◆ **Required action**
Before writing out the records, remove the pictures; keep everything else exact.

◆ **Records for this exercise**
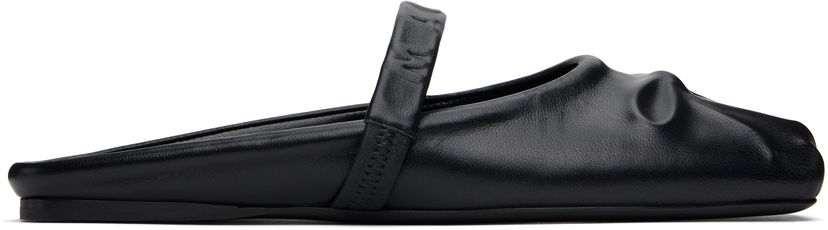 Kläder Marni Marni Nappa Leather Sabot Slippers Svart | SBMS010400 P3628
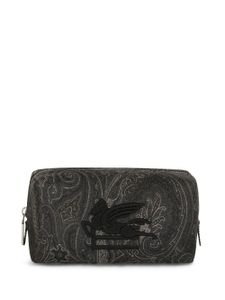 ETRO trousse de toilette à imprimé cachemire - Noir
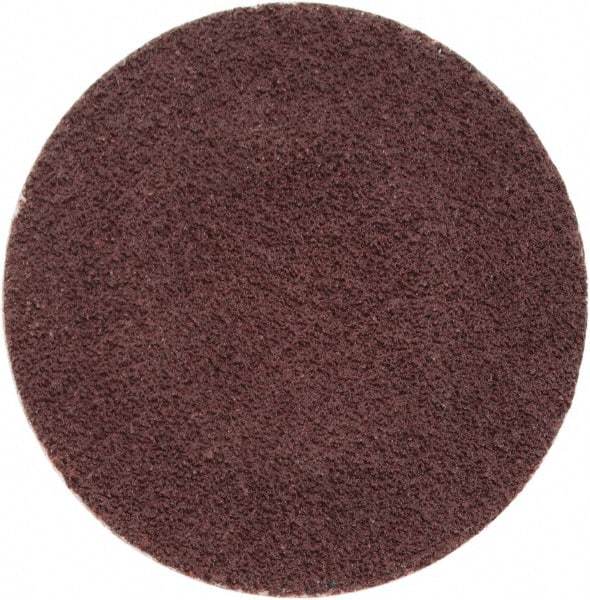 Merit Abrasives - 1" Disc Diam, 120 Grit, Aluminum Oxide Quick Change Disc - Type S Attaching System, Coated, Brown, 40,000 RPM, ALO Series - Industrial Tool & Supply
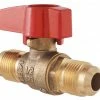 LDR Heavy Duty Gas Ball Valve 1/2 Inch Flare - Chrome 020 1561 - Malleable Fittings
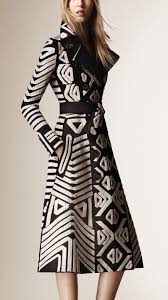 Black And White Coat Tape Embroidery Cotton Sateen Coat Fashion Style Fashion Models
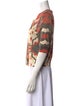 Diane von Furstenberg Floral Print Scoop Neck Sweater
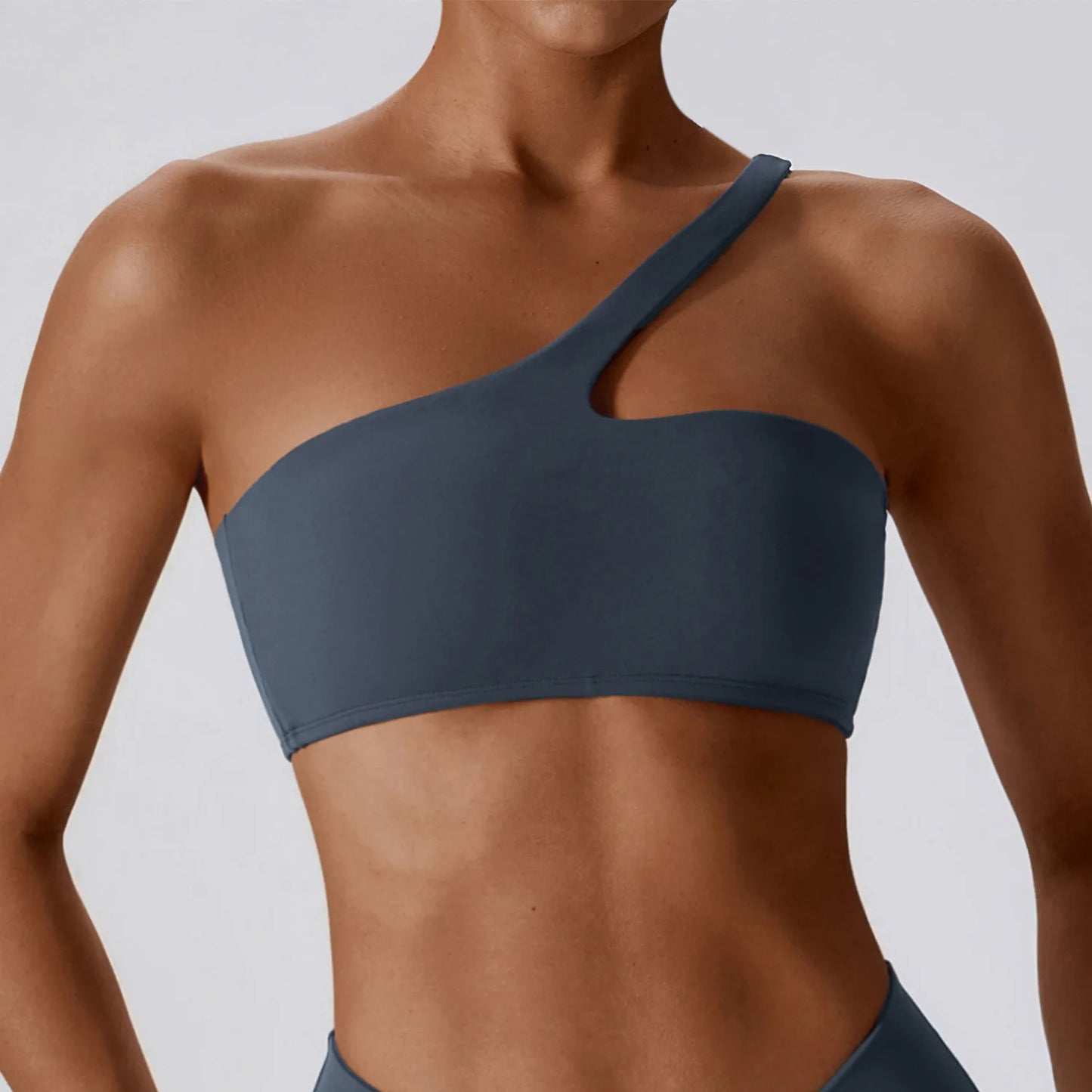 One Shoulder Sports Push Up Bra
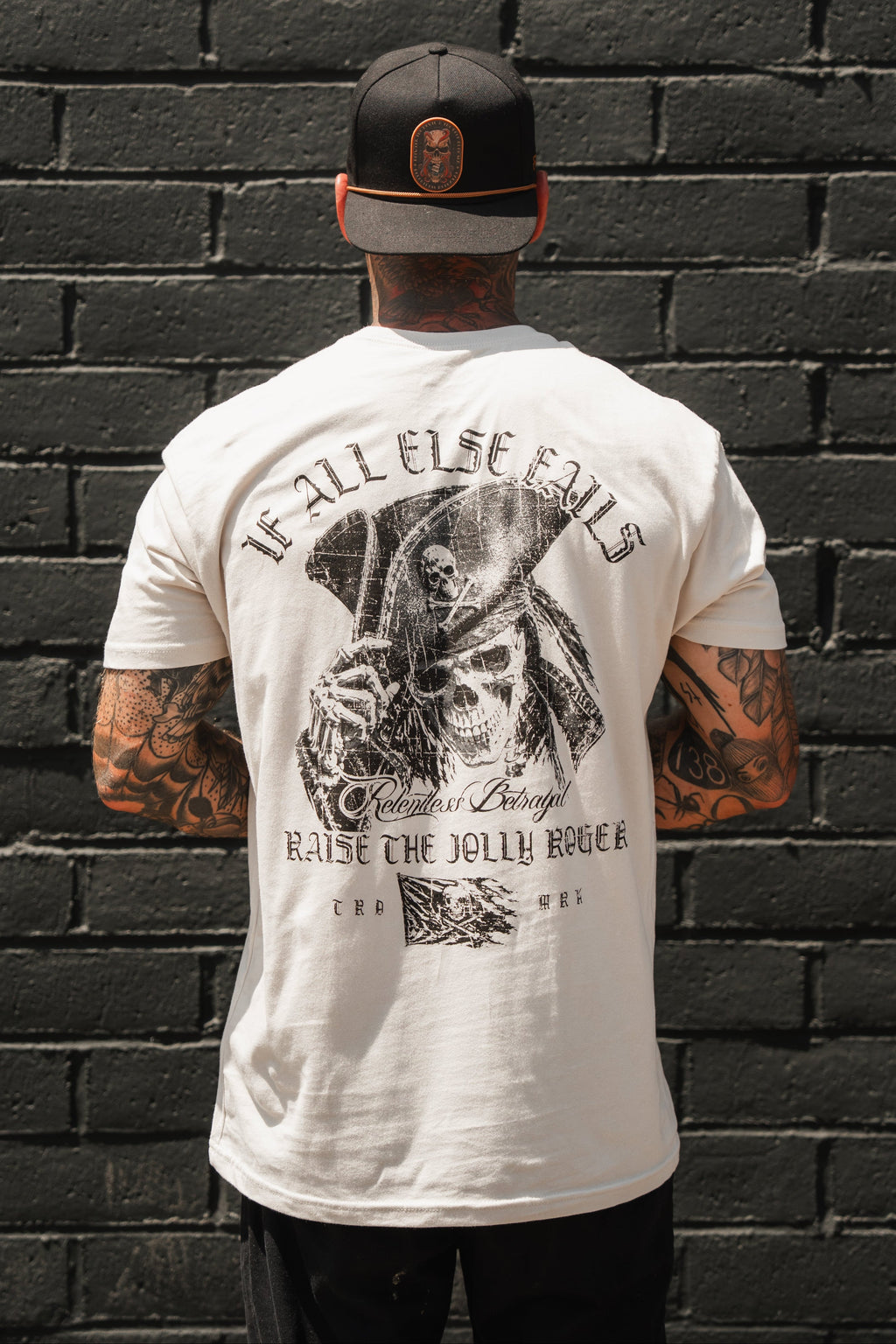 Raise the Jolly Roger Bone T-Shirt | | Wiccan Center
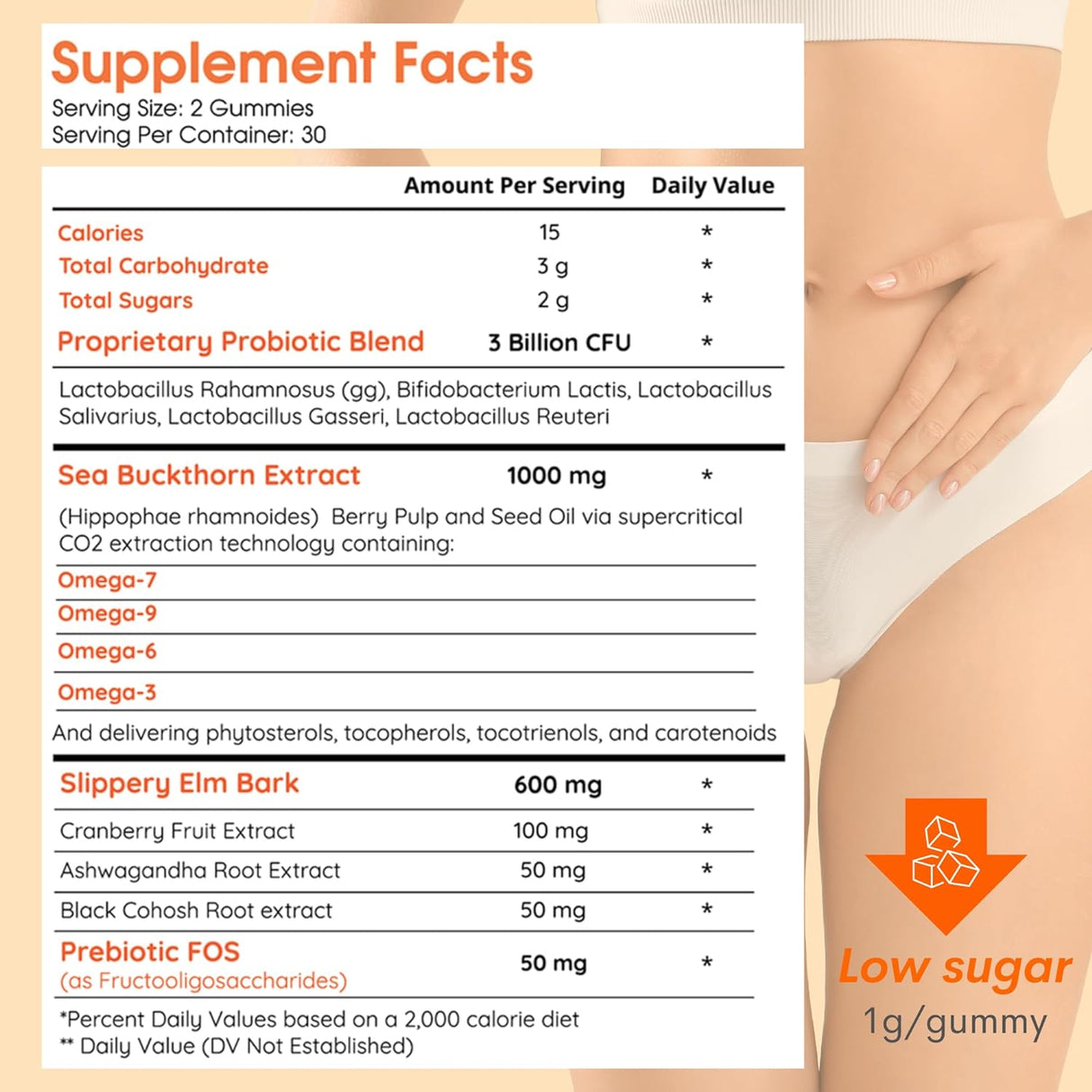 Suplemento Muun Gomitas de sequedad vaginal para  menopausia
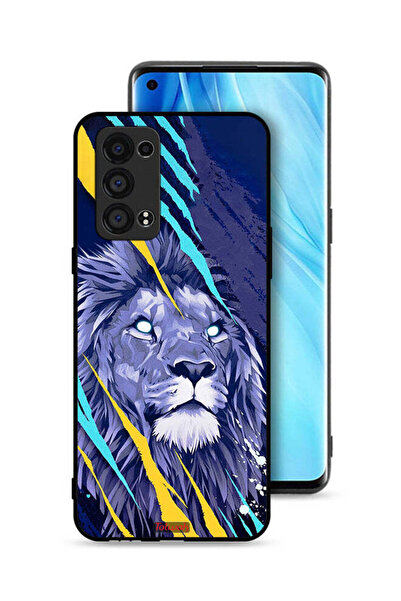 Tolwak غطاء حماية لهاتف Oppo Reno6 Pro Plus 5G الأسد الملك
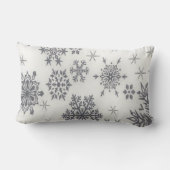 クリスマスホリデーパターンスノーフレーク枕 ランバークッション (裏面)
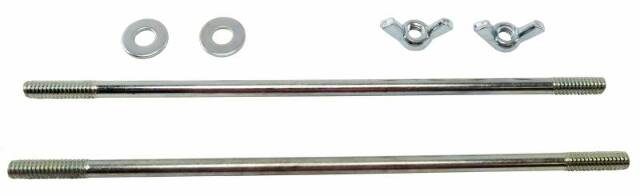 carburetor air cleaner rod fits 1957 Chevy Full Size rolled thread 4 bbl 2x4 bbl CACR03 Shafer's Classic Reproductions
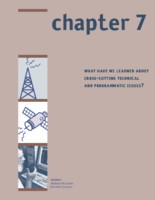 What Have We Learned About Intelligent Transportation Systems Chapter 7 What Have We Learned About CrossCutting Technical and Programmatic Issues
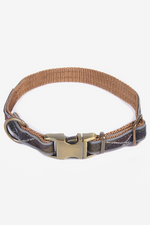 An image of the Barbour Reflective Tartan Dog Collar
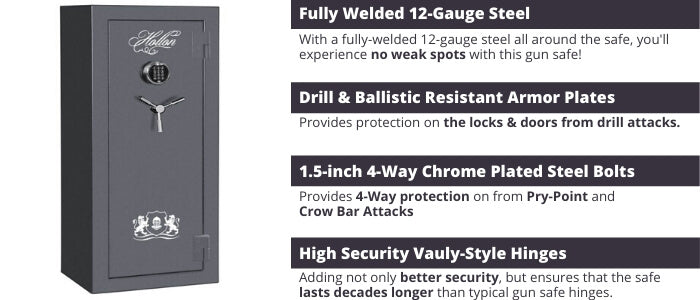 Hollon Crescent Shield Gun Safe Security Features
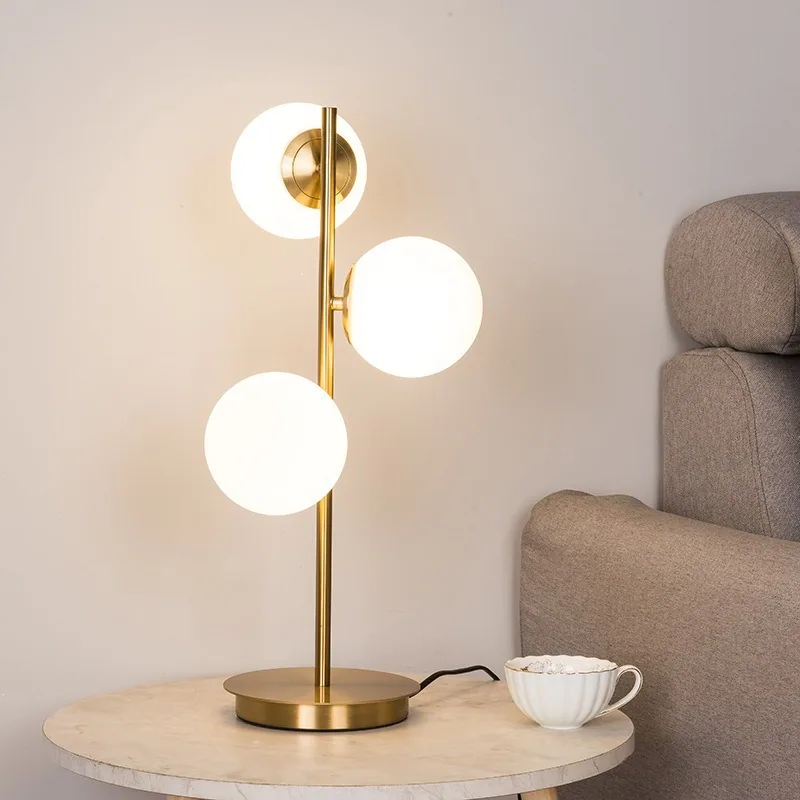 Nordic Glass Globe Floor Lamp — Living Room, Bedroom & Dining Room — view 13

◆ **Answer to the exercise**
 Kläder Marni Marni Nappa Leather Sabot Slippers Svart | SBMS010400 P3628
 ETRO trousse de toilette à imprimé cachemire - Noir
 Merit Abrasives - 1" Disc Diam, 120 Grit, Aluminum Oxide Quick Change Disc - Type S Attaching System, Coated, Brown, 40,000 RPM, ALO Series - Industrial Tool & Supply
 LDR Heavy Duty Gas Ball Valve 1/2 Inch Flare - Chrome 020 1561 - Malleable Fittings
 Black And White Coat Tape Embroidery Cotton Sateen Coat Fashion Style Fashion Models
 Diane von Furstenberg Floral Print Scoop Neck Sweater
 One Shoulder Sports Push Up Bra
 Raise the Jolly Roger Bone T-Shirt | | Wiccan Center
 Suplemento Muun Gomitas de sequedad vaginal para  menopausia
 Tolwak غطاء حماية لهاتف Oppo Reno6 Pro Plus 5G الأسد الملك
 クリスマスホリデーパターンスノーフレーク枕 ランバークッション (裏面)
 carburetor air cleaner rod fits 1957 Chevy Full Size rolled thread 4 bbl 2x4 bbl CACR03 Shafer's Classic Reproductions
 What Have We Learned About Intelligent Transportation Systems Chapter 7 What Have We Learned About CrossCutting Technical and Programmatic Issues
 An image of the Barbour Reflective Tartan Dog Collar
 Hollon Crescent Shield Gun Safe Security Features
 Nordic Glass Globe Floor Lamp — Living Room, Bedroom & Dining Room — view 13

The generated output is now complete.